* [What the task requires]: Send back the data below exactly. Drop every picture.

* [Information shown]:
┄┄┄┄┄┄

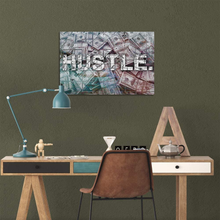 Load image into Gallery viewer, Motivational Hustle Wall Art Inspirational Entrepreneur Quotes Office Decor Canvas Painting Inspiring Poster Pictures Prints Framed Artwork Office Living Room Decorations Wall Decor - 12"Hx18"W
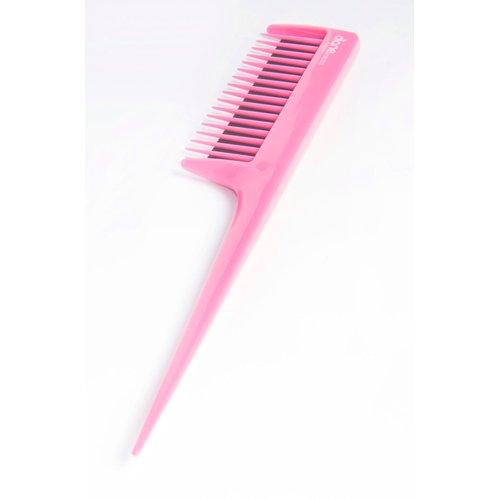 Diane dual teeth teasing comb, 8-inch, pink, DBC033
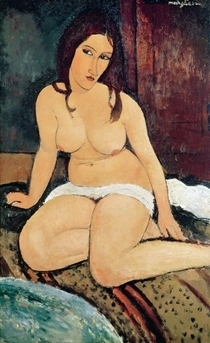 Sitzender Akt von Amedeo Modigliani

┄┄┄┄┄┄

* [Solved exercise]:
 Load image into Gallery viewer, Motivational Hustle Wall Art Inspirational Entrepreneur Quotes Office Decor Canvas Painting Inspiring Poster Pictures Prints Framed Artwork Office Living Room Decorations Wall Decor - 12"Hx18"W
 Diane dual teeth teasing comb, 8-inch, pink, DBC033
 Sitzender Akt von Amedeo Modigliani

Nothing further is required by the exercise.